In this path, we do not edit how the VSH is modeled. It would still need to be taken care of in another loop.

Analyzing the edited SW and PERM models shows that the problematic cross-plots are now cleaned (Figure 6 for porosity-SW, Figure 7 for porosity-PERM). Interestingly, the new SW model still respects well, and in fact slightly better, the vertical trend captured by the VTC (Figure 8) than the original SW model did, even while this VTC is not used anymore to model the SW. When looking into it, it does make sense. Porosity and SW are negatively correlated: in average, the higher the water saturation, the lower the porosity. The porosity and the SW VTCs show similar relationships (Figure 2): if a K layer has a high average water saturation value, it tends to have a low average porosity value.
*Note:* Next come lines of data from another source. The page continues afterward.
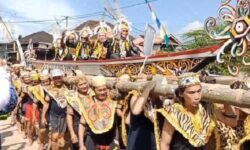 Delegasi OIC-CA Saksikan Festival Adat Dayak Kenyah di Pampang
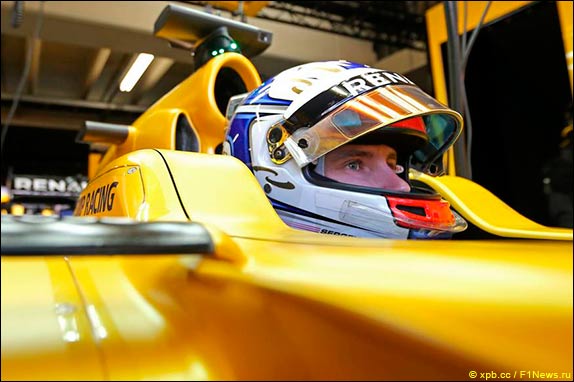 Сергей Сироткин заменил Кевина Магнуссена в первой сессии Сергей Сироткин заменил Кевина Магнуссена в первой сессии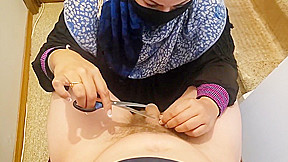Arab Milf Giving Pedicure And Trim With Happy Ending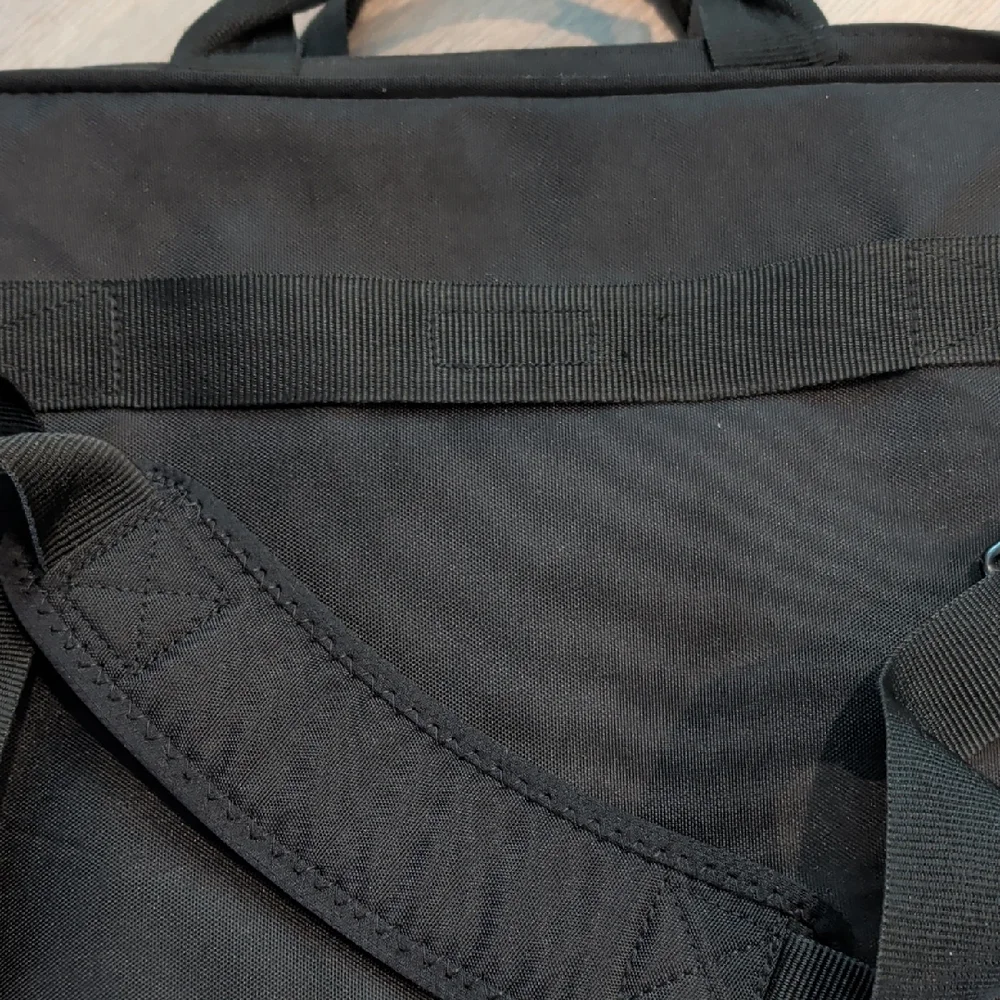Professional Black Laptop Briefcase with Padded Shoulder Strap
Our modified workflow still respects the porosity VTC and it now uses the porosity-SW correlation. This modification turned out to be enough to see the vertical trend from the SW VTC respected too.

Similarly, it is interesting to see that the cross-plot of SW-permeability has improved too, even if it was not used as input. SW and PERM have now better distributions and a side-effect was to fix that cross-plot as well.

As mentioned earlier, the work on this specific workflow should be continued and maybe looped a few more times to see if certain displays can be improved even more. Fixing the VSH would be a priority. This work is beyond the scope of this book as it would mean applying the same approach already described here.